Having possibly originated in the late 1970s in the Harajuku district of Tokyo – there is little documentation to confirm its emergence – Lolita (and by default, its substyles) has faced criticism and judgment in its spread to the US and other Western countries, starting in the 1990s. Although it is derivative of 18th-century French Rococo and Victorian styles, its label, “Lolita,” associates it with the Nabokov novel of the same name, and therefore with promiscuity and pedophilia. It is unfair to sexualize the style, however - Lolitas wear modest, knee-length frilly skirts and pinafore dresses. They get together for tea and pastries, and generally just aspire to look as cute (i.e., kawaii) as humanly possible. Regardless of its true objectives, Lolita fashion has been historically laden with misconceptions, and, naturally, the burdens that go with it. 

However, it's clear that Lolita and J-Fashion are not going anywhere. Their prevalence on the TikTok has proved that the styles have longevity, longer than most trends. Sadie, while not in complete Lolita dress (many Lolitas wear wigs and intentionally over-accessorize), is inspired by the style, and if there is a way to incorporate a pink frilly thing into her outfit, she will. However, though she does not know the origins of Lolita fashion, it does not mean she is not in-line with its ethics – Lolita, and many J-Fashion styles for that matter, are not about being “in-style,” but more about community.  Sadie confirms this by saying, I was more of like ‘oh, these people like this fashion too,’ it was more of my friends that made me feel like I was okay to wear that [alternative fashion] around school.” 

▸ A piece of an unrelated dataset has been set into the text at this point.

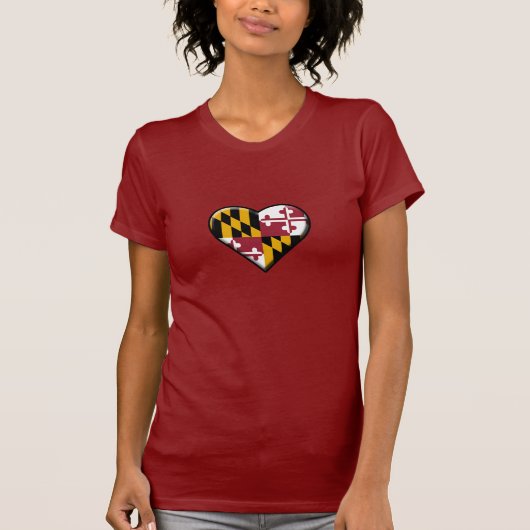 T-shirt Chemise de dames de coeur du Maryland (Devant)
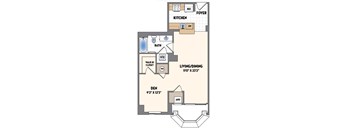 A floor plan of a one bedroom apartment with a living room, kitchen, bathroom, and den.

So, perhaps while alternative styles are more accessible, wearing them still takes a lot of courage. Having a safe place amongst friends helps. “In middle school I didn’t have a single friend who would dress the way I wanted to, and so I just didn’t. And um, because I have my group of 5-7 friends who like to dress – like to express themselves through fashion – I feel like I can. Even though I do get weird looks or comments from certain people it’s easier to do what I want to because I feel comfortable around my friends.” Maybe it isn’t about looking “cool” all the time, or maybe the definition of “cool” is shifting, or maybe it’s simply about finding a tribe of people who accept you. No matter what.